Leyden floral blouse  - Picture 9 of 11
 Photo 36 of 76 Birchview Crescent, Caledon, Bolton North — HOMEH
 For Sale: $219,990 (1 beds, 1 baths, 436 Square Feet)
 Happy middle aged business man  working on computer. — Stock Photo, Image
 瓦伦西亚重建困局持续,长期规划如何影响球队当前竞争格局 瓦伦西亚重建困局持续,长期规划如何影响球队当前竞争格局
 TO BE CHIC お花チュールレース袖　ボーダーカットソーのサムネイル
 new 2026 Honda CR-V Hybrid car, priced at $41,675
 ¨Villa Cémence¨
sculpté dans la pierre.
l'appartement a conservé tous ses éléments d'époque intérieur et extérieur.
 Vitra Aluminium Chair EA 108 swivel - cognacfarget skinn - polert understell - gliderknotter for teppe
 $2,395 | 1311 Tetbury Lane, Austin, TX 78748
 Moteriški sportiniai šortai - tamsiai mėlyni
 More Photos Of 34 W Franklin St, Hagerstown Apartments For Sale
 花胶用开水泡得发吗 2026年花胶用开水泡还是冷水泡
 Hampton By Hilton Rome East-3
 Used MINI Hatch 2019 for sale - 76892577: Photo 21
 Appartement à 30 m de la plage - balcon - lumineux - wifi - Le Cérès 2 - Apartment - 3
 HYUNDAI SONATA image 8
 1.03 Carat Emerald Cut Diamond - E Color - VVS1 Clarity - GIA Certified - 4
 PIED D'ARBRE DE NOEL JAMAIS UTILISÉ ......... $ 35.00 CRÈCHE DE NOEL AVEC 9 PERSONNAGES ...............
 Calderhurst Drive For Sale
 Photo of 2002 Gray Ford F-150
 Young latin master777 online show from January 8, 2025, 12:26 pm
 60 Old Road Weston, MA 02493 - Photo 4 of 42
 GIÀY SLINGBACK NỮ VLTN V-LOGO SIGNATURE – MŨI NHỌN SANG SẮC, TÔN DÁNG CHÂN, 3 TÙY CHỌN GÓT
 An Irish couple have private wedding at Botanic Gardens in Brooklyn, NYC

§ §

- EXERCISE DETAILS: Extract, verbatim, the lines from the one containing "Calderhurst Drive For Sale" through the last line of the listing above.

- PROBLEM SOLUTION:
 Calderhurst Drive For Sale
 Photo of 2002 Gray Ford F-150
 Young latin master777 online show from January 8, 2025, 12:26 pm
 60 Old Road Weston, MA 02493 - Photo 4 of 42
 GIÀY SLINGBACK NỮ VLTN V-LOGO SIGNATURE – MŨI NHỌN SANG SẮC, TÔN DÁNG CHÂN, 3 TÙY CHỌN GÓT
 An Irish couple have private wedding at Botanic Gardens in Brooklyn, NYC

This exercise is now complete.